**What you will do**
Set down, exactly and only, everything from the line containing "Мандала с цветком" down to the line containing "A4 黒猫 ハロウィン" in the data below; the pictures are not part of the copy.

**Information given**
···
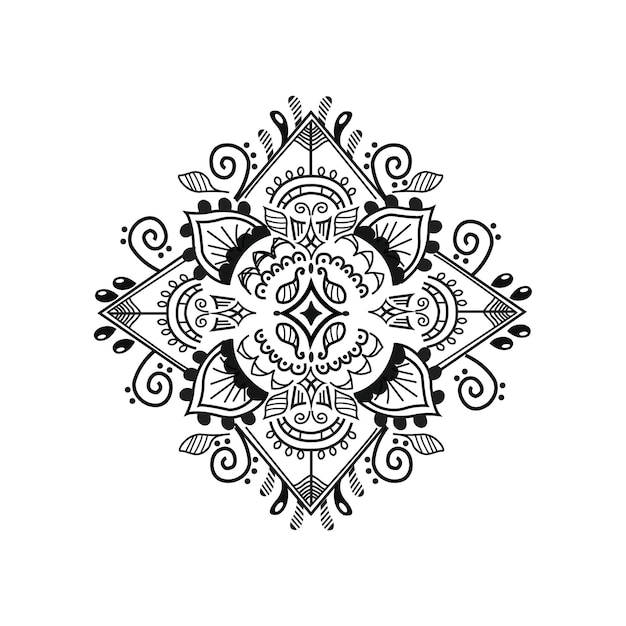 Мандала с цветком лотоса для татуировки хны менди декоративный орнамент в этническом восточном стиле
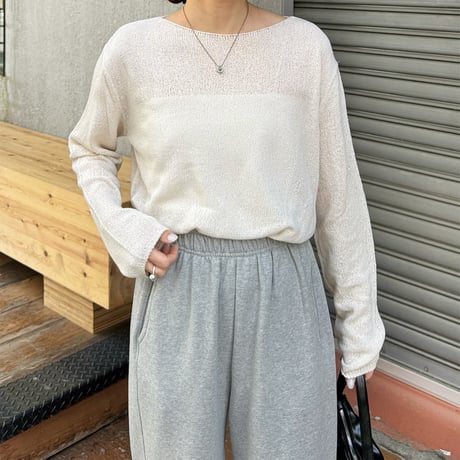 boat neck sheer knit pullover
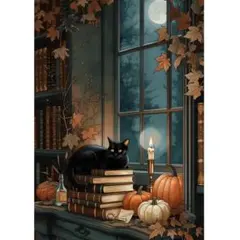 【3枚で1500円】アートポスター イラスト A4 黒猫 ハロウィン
···
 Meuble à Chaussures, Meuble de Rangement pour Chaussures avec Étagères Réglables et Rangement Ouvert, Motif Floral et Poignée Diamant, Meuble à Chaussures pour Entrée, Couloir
···
**Response to the task**
 Мандала с цветком лотоса для татуировки хны менди декоративный орнамент в этническом восточном стиле
 boat neck sheer knit pullover
 【3枚で1500円】アートポスター イラスト A4 黒猫 ハロウィン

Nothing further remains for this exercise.